▶ **What the task requires**: Transcribe all of the data verbatim, please, and leave out its pictures.

▶ **Data block**:
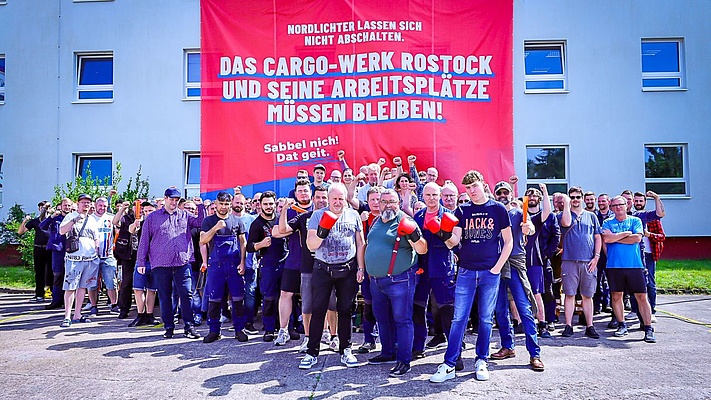 Werk Rostock: „Nichts ist offiziell - aber alles offensichtlich“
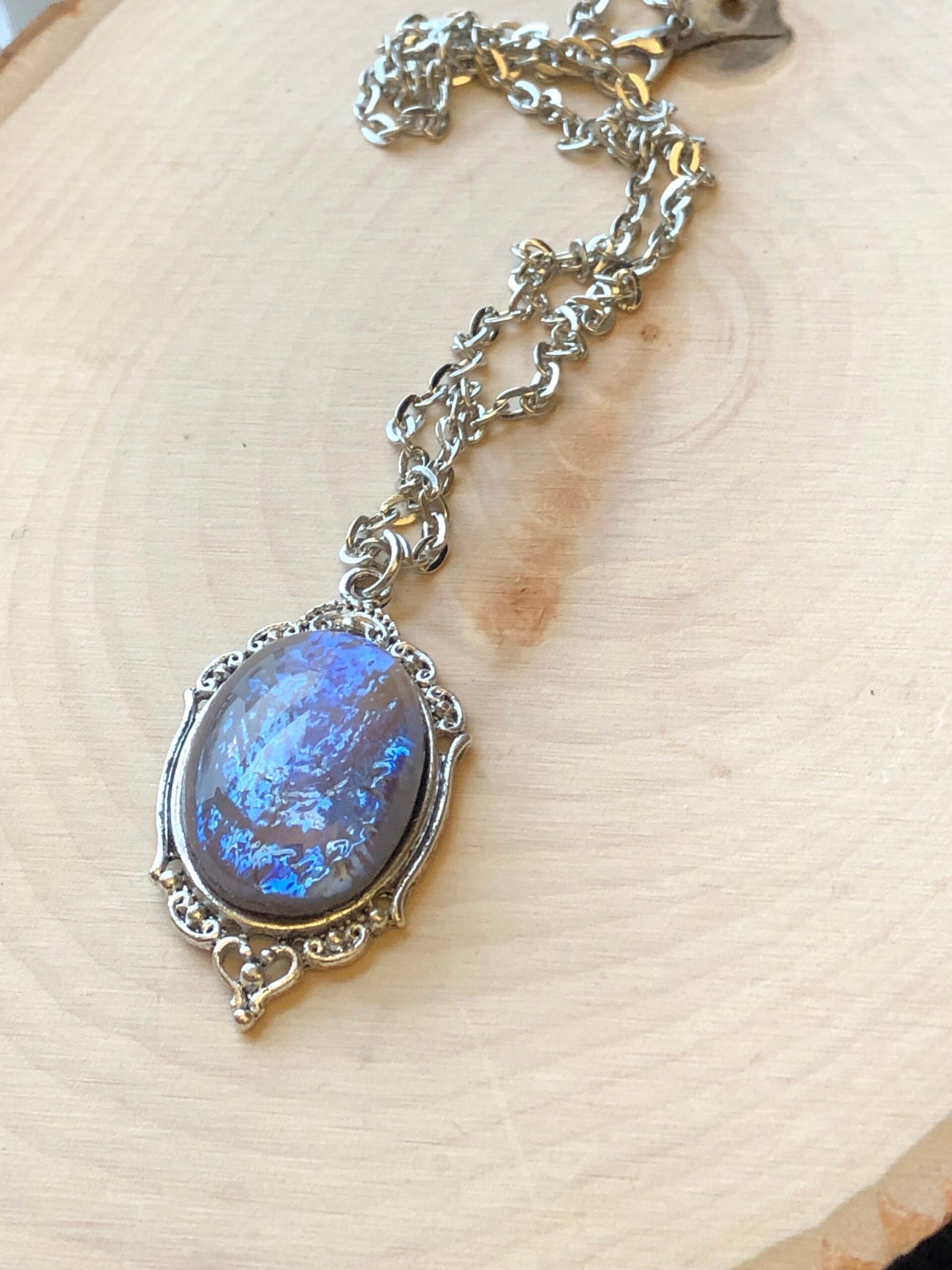 Tanzanite necklace - Image 4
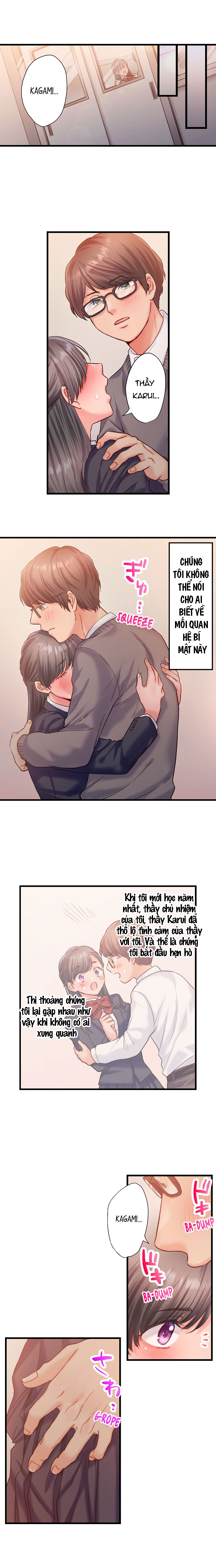 dưới váy cô ấy chapter 1.1 6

▶ **Response**:
 Werk Rostock: „Nichts ist offiziell - aber alles offensichtlich“
 Tanzanite necklace - Image 4
 dưới váy cô ấy chapter 1.1 6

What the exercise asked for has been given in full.